Should You Pay Discount Points When You Get Your MortgageOne of the challenges you will face when deciding how much money to put down on your new home is whether to put down a larger down payment or to take a bit of money from your down payment and use it to buy “discount points” to lower your interest rate.

There are pros and cons to doing both and each borrowers situation will be different so it’s important to understand which option is best for your individual situation. Some factors you should consider include:

  • Cost of borrowing – generally speaking, to lower your interest rate will mean you pay a premium. Most lenders will charge as much as one percent (one point) on the face amount of your loan to decrease your rate. Before you agree to pay points, you need to calculate the amount of money you are going to save monthly and then determine how many months it will take to recover your investment. Remember, closing points are tax deductible so it may be important to talk to your tax planner for guidance
  • Larger down payment means more equity – keep in mind, the larger your down payment, the less money you have to borrow and the more equity you have in your new home.

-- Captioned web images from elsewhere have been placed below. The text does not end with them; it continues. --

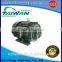 Energy saving servo 12 volt hydraulic pump motor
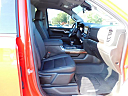 Thumbnail image of 2022 GMC Sierra 1500 at Gary Mathews Motors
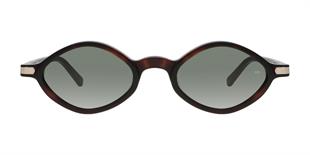 Belmond B1267.C2 48 Unisex Güneş Gözlüğü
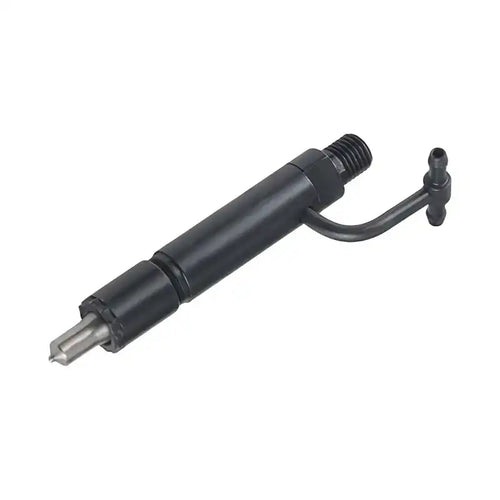 Injection Nozzle RE38087 for Hitachi Excavator DX75 DX75L DX75M from MyMROmarts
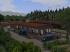 G�terschuppen (1)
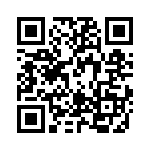 PT02E10-5SX QRCode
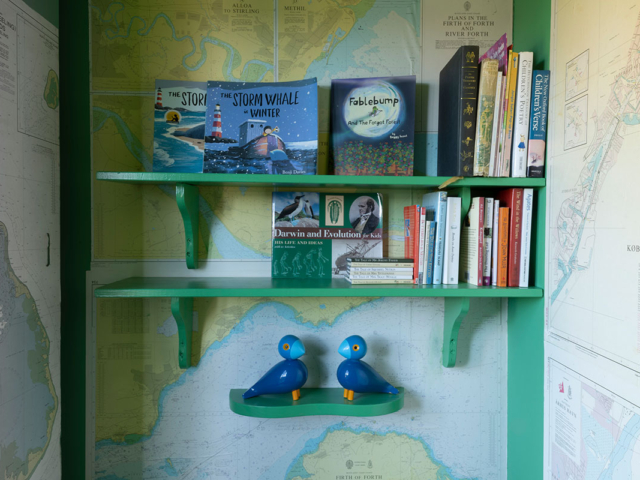 CH---cabin-interior-7208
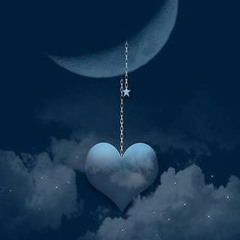 Amor de la luna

This is important for borrowers in a number of ways including lower monthly payments, better loan terms and potentially not having to purchase mortgage insurance depending on how much equity you will have at the time of closing
  • Qualifying for a loan – borrowers who are facing challenges qualifying for a loan should weigh which option (points or larger down payment) is likely to help them qualify. In some instances, using a combination of down payment and lower rates will make the difference. Your mortgage professional can help you determine which is most beneficial to you

There is no answer that is right for every borrower. All of the factors that impact your mortgage loan and your overall financial situation must be considered when you are preparing for your mortgage loan.

Talking with your real estate professional and where appropriate your tax professional will help you make the decision that is right for your specific situation.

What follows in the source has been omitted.